- Born: Falguni Roy Choudhury
- Education: MA (Bengali)
- Alma mater: University of Dhaka
- Occupation(s): Actor, playwright, director and producer
- Spouse: M Hamid ​(m. 1978)​
- Children: Tonima Hamid

= Falguni Hamid =

Bangladeshi actress

Falguni Hamid (ফাল্গুনী হামিদ) is a Bangladeshi actress, playwright, director and producer. She served as the director of the Bangladesh Shishu Academy. She is the incumbent president of Bangladesh Cine-Journalist Association.

==Career==

Hamid completed a master's degree in Bangla from the University of Dhaka. Hamid started her career as a journalist in "Banglar Bani". She was involved with journalism for 15 years. She passed the Bangladesh Television (BTV) audition in 1978 and joined the theatre troupe "Natyachakra". She performed in television drama serials in the 1980s.

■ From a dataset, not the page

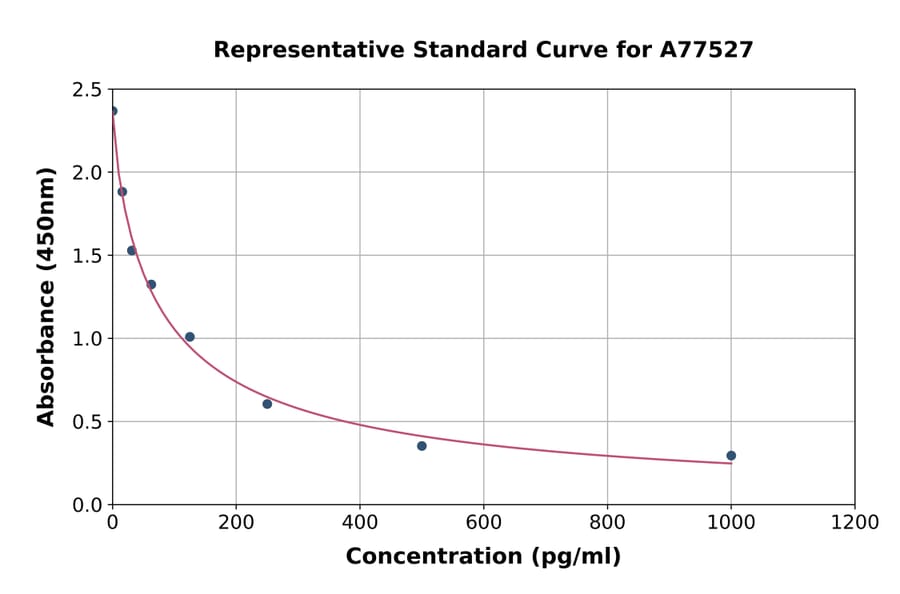 Standard Curve - Mouse beta Endorphin ELISA Kit (A77527) - Antibodies.com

Hamid is the owner of "Tele Real LTD", the first production house in Bangladesh. She ran the magazine "Shimontini", on women and children's issues.

==Personal life==
Hamid has been married to M Hamid since 1978. Together they have a daughter, Tonima Hamid. Tonima is a television and stage actress.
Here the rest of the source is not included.